» **EXERCISE MATERIALS**
>>>

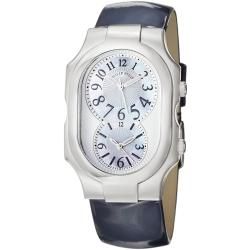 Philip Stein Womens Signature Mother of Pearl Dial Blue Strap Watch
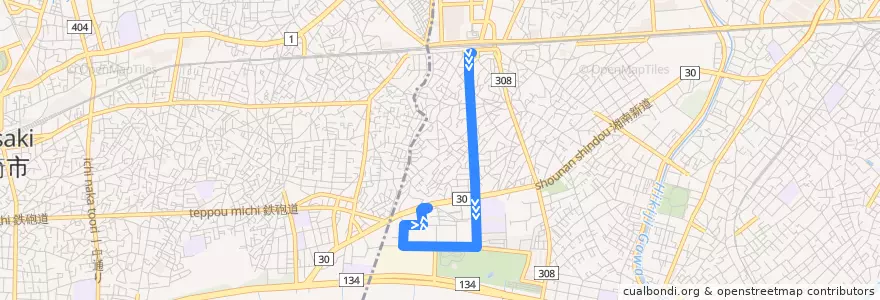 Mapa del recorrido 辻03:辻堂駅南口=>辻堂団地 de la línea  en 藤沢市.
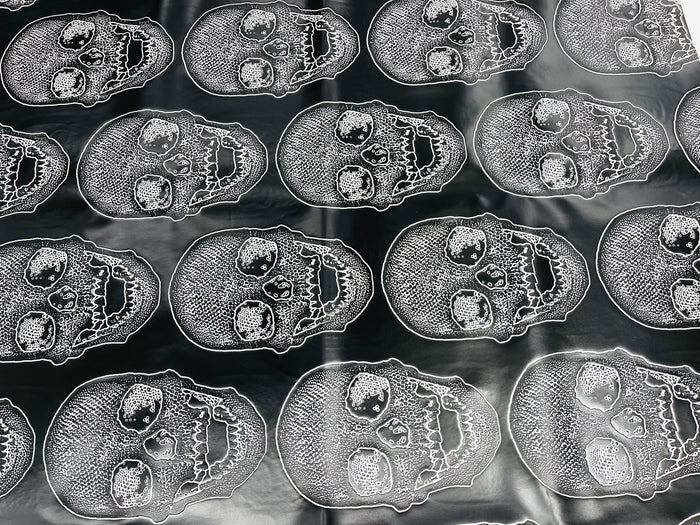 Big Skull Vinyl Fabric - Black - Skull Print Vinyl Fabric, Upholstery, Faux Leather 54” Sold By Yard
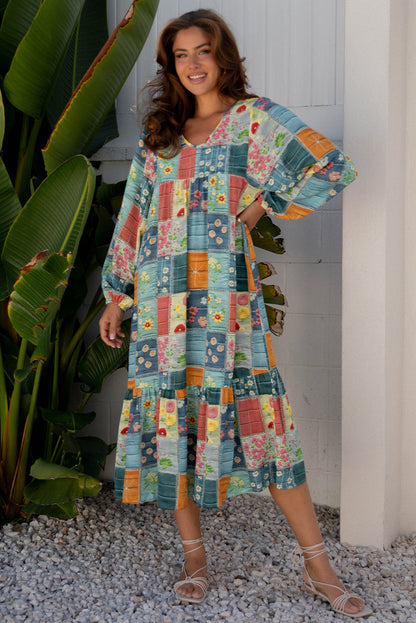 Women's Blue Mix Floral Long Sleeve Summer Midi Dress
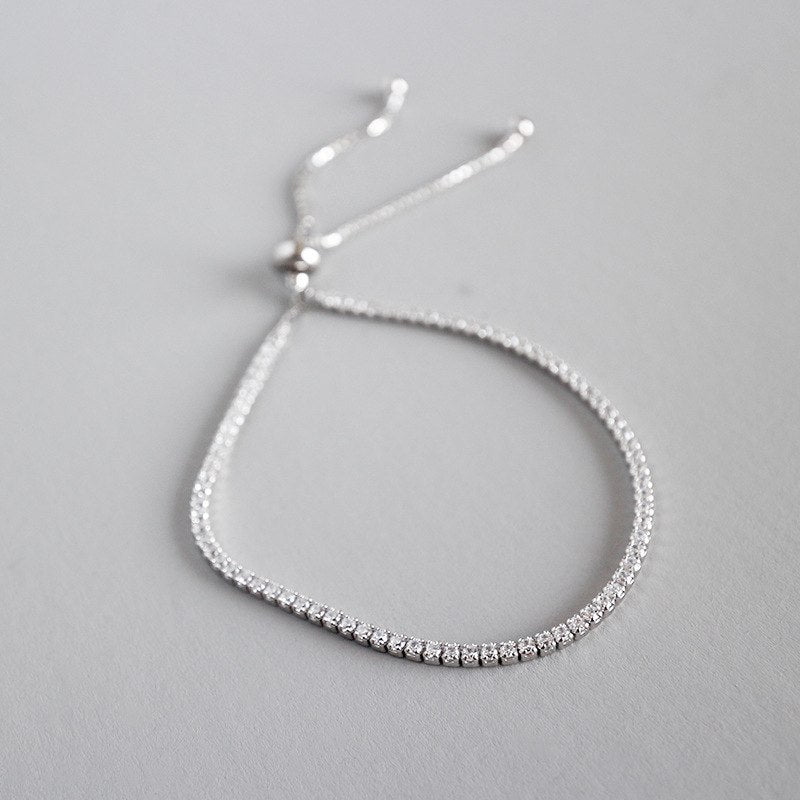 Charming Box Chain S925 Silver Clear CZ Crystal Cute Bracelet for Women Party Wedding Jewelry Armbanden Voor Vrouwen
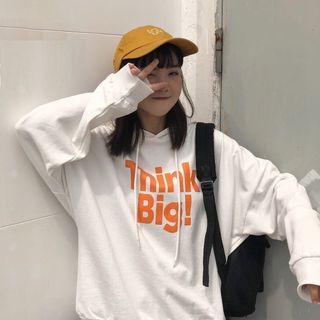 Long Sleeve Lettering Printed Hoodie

<<<

» **TO DO**
Drop the pictures; repeat the listing above exactly.

» **THE ANSWER**
 Philip Stein Womens Signature Mother of Pearl Dial Blue Strap Watch
 Mapa del recorrido 辻03:辻堂駅南口=>辻堂団地 de la línea  en 藤沢市.
 Big Skull Vinyl Fabric - Black - Skull Print Vinyl Fabric, Upholstery, Faux Leather 54” Sold By Yard
 Women's Blue Mix Floral Long Sleeve Summer Midi Dress
 Charming Box Chain S925 Silver Clear CZ Crystal Cute Bracelet for Women Party Wedding Jewelry Armbanden Voor Vrouwen
 Long Sleeve Lettering Printed Hoodie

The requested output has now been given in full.